Wenn der Rohstoff­handel nicht regu­liert wird, leiden die anderen

Als in der Kritik stehende Firma hatte Trafi­gura die Möglich­keit, an einem Podium teil­zu­nehmen, welches am Vorabend der Konfe­renz am Graduate Insti­tute in Genf geho­sted wurde. James Nicholson, Head of Corpo­rate Respon­si­bi­lity des Unter­neh­mens, nutzte seine Rede­zeit während des Podiums um zu argu­men­tieren, dass die Offen­le­gung von Zahlungen, etwa bei indi­rektem Korrup­ti­ons­ver­dacht, sehr wohl auch frei­wil­lig­keits­ba­siert funk­tio­niert und sich eine verstärkte Regu­lie­rung somit ohnehin erüb­rigt. Als erste Handels­firma hat sich Trafi­gura 2014 an der Extra­c­tive Indu­stries Trans­pa­rency Initia­tive (EITI) betei­ligt – diese hatte anfangs nur auf die rohstoffför­dernde Indu­strie fokus­siert – und damit einige ihrer Zahlungen an Regie­rungen frei­willig offen­ge­legt. Den CSR-Bericht seiner Firma aufge­klappt vor sich, argu­men­tierte Nicholson: „Dies hat die bedeu­tende Verschie­bung von Vermögen für die Bevöl­ke­rung dieser rohstoff­pro­du­zie­renden Länder sichtbar gemacht, und dies hat sie dazu befä­higt, ihre Regie­rung mit gewissen Fragen zu konfrontieren.“

Die Trans­pa­renz­pro­ble­matik scheint mit diesem Zug geschickt auf die Regie­rungen der rohstoff­rei­chen Länder abge­wälzt. Damit wird verschleiert, dass Unter­nehmen wie Trafi­gura oftmals gerade von korrupten Regie­rungen profi­tieren, wenn sie etwa viel weniger Steuern zahlen als was den Ländern eigent­lich zugute kommen sollte. Sowohl transfer pricing als auch Steu­er­op­ti­mie­rungs­prak­tiken spielen hier eine grosse Rolle. Multi­na­tio­nale Firmen wie Trafi­gura legen konzern­in­terne Verrech­nungs­preise für den Handel mit ihren Toch­ter­ge­sell­schaften fest und schieben Profite hin und her, um ihre Steu­er­zah­lungen zu mini­mieren. Durch geschickte Mani­pu­la­tionen werden steu­er­bare Gewinne redu­ziert oder wunder­same Verluste für die verschie­denen, oftmals in Steu­er­oasen behei­ma­teten Toch­ter­ge­sell­schaften produ­ziert, so dass Steuern sogar ganz entfallen.

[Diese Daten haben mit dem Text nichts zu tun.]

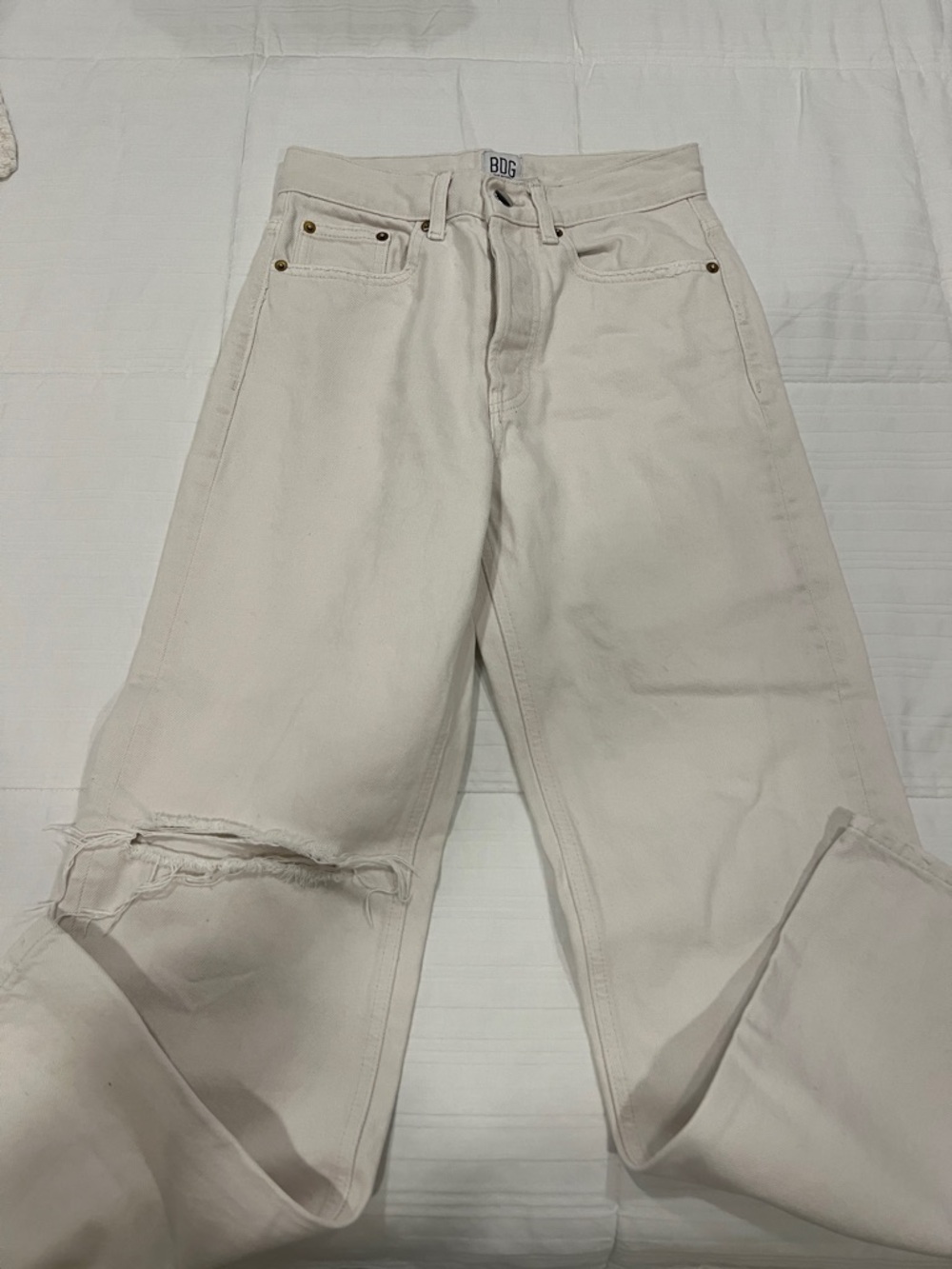 BDG Cream Wide-Leg Distressed Jeans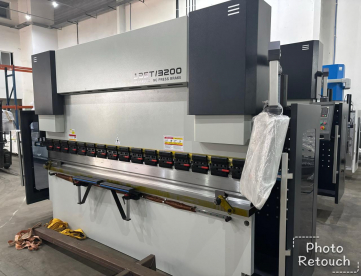 Foto: DOBRADEIRA HIDRAULICA NC - RAYTU - MODELO 135 T X 3200 - ZERO COM GARANTIA - ANO 2025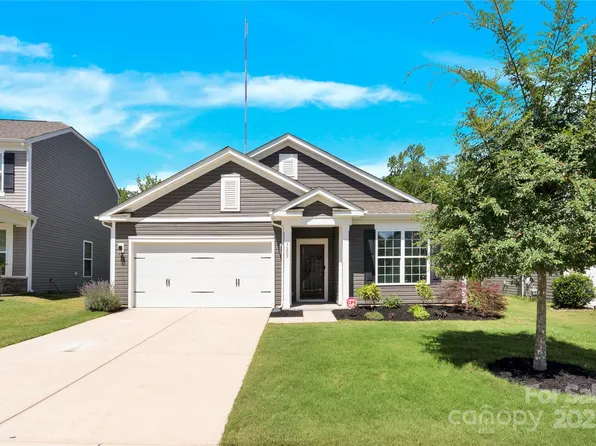 3207 Selwyn Landing Dr, Charlotte, NC 28215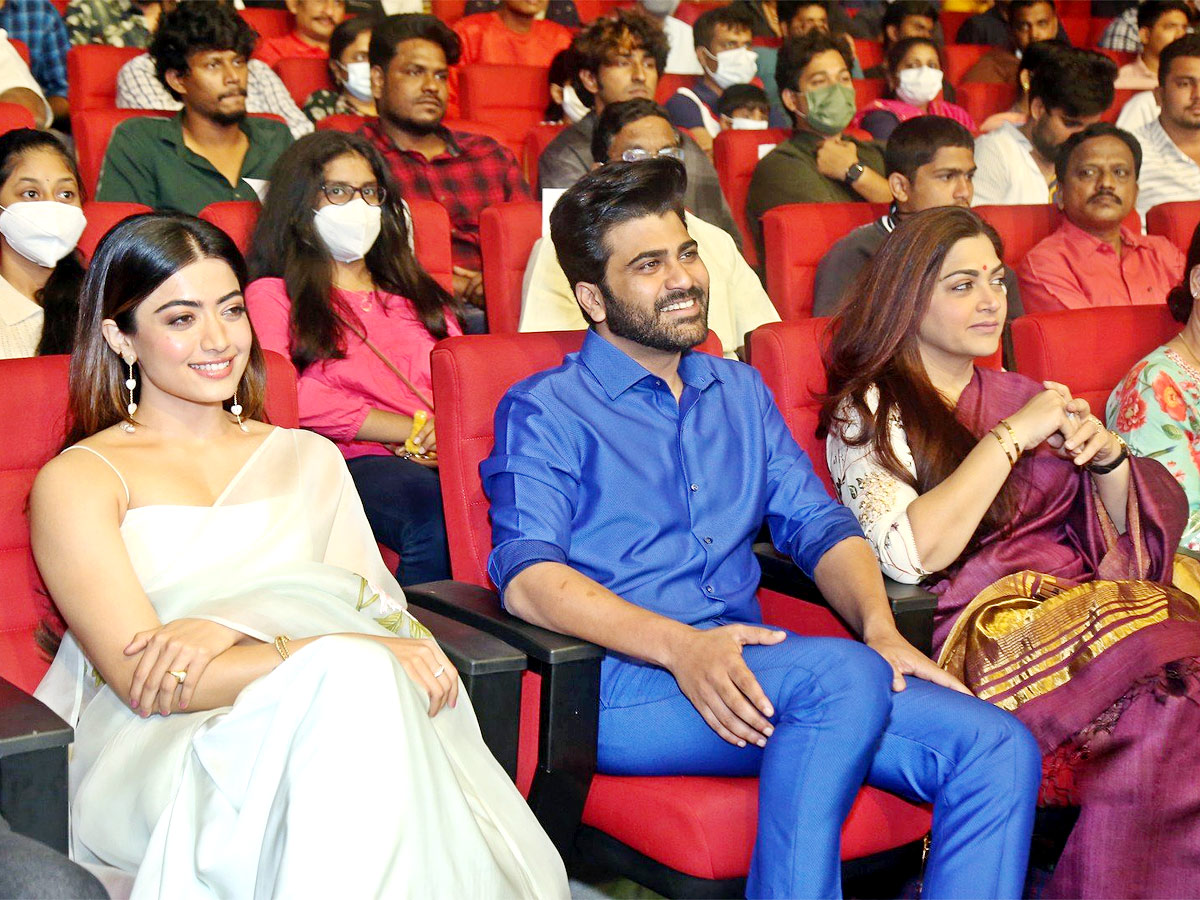 Aadavallu Meeku Johaarlu Movie Pre Release Event Photo Gallery - Sakshi5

Trafi­guras Firmen­zen­trale liegt heute in Genf. Die Firmen­struktur aber ist höchst kompli­ziert und aufgrund der Grün­dung verschie­dener Toch­ter­firmen an verschie­denen Stand­orten auch schwer über­blickbar. Die Firma nützt diese Hete­ro­ge­nität zu Steu­er­op­ti­mie­rungs­zwecken. Durch die geogra­phi­sche Vertei­lung ihrer Unter­neh­mens­ak­ti­vi­täten hat Trafi­gura im Jahr 2017 eine Konzern­steu­er­quote von ledig­lich 8,4 Prozent erreicht. Public Eye hat ausge­rechnet, dass Trafi­gura durch diesen nied­rigen Prozent­satz zwischen 2005 und 2010 insge­samt über 500 Millionen Dollar  an Steuern einge­spart hat.

Die von Glen­core betrie­bene Mopani Copper Mine in Sambia sorgt immer wieder für Nega­tiv­schlag­zeilen — genauso wie die Steu­er­op­ti­mie­rungs­prak­tiken des Gross­kon­zerns. (© photosmith2011 via Flickr)

Auch Glen­core macht in Sambia trotz des Kupfer­booms seit Jahren offi­ziell Verluste und zahlt deshalb keine Gewinn­steuern. Statt­dessen werden die Profite in die Schweiz verla­gert. Laut der NGO War on Want entgehen der sambi­schen Bevöl­ke­rung durch transfer pricing und Steu­er­op­ti­mie­rungs­prak­tiken jähr­lich 3 Milli­arden Dollar – Geld, welches das infra­struk­tur­schwache Land bitter nötig hätte.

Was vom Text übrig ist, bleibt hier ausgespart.